I also added 4 iron bars that join the pieces together in the back, always using screws. This way I am sure that they can't move anymore.
Your whole chair is finally steady!
Step 12: The Arms Back
The last big thing you have to do is to cover the back of the chair with more fabric.
Cut a big (huge :D) piece of fabric that will cover the whole back, including the central back/leg piece, and 2 smaller pieces to cover the back of the arms.
Make sure to cut them bigger than the actual measure, especially the pieces for the arms, they must be much larger than how they actually are.
Let's start with the arms: staple one edge of the fabric upside down at the top of the arm back, as you can see in the picture.
Cut 2 strips out of cardboard, just a little shorter than the arm's width.
Now staple one of these strips to the fabric you had just stapled, but make sure that it's straight and parallel to the top of the arm.
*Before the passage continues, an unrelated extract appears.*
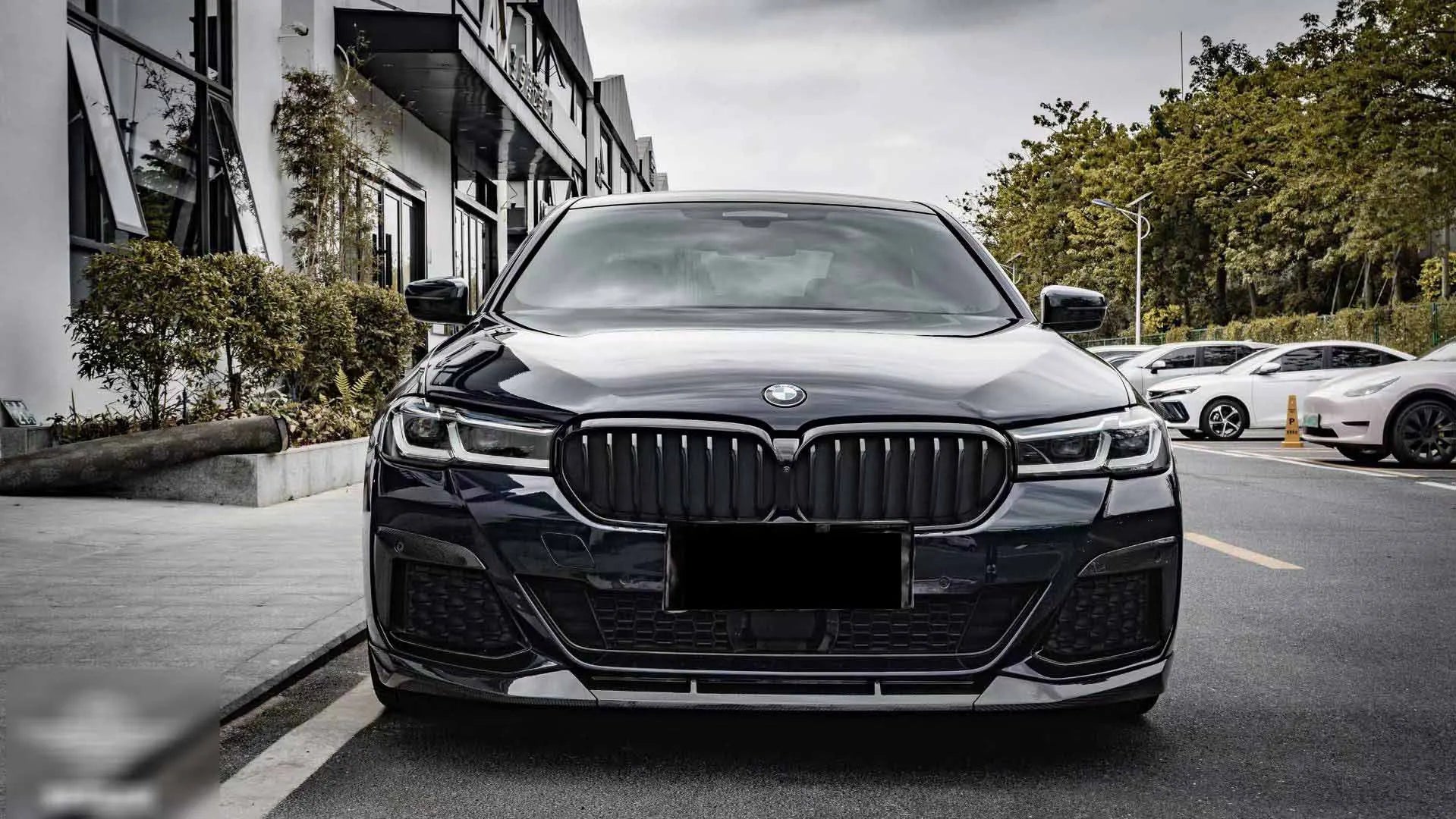 Runde Perfectly Adapts for BMW 5 Series G30 Upgraded and Modified MP Style Dry CF Body Kit Car Bumper Factory Direct Sales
Fold down the fabric, pull it a little, and staple it to the bottom of the arm, where nobody can see it.
The fabric on the side that meets the other back piece must be stapled on the back of it so that it will be hidden after you cover that other part too.
The other side doesn't meet any other piece so just staple on the side. We will hide it later.
The trick of the cardboard gives a good and finished effect so that the staples will be hidden.
Do the same for the back of the other arm.
Step 13: The Back...Back!
Cover the rest of the chair just like you did for the arms, except that it's one whole piece of fabric this time.
Staple in the back when it's possible, and when it's not, simply staple on the side.
Look at the pictures to understand how I covered the back/leg. You will have to fold the exceeding fabric on the sides of the leg and staple them in the back (I actually cut some out too because it was too much).
Step 14: Cover the Leg
You probably have noticed that the inside of the leg has still not been covered.
You could leave it that way if you prefer, but it's visible after all so it's better to cover that part too.
Simply cut another piece of fabric, lay it on the wood and staple all around it.
When you are done, cut all the exceeding fabric on the sides, trying to keep the cut as close to the staples as possible. It will be easier to hide this way.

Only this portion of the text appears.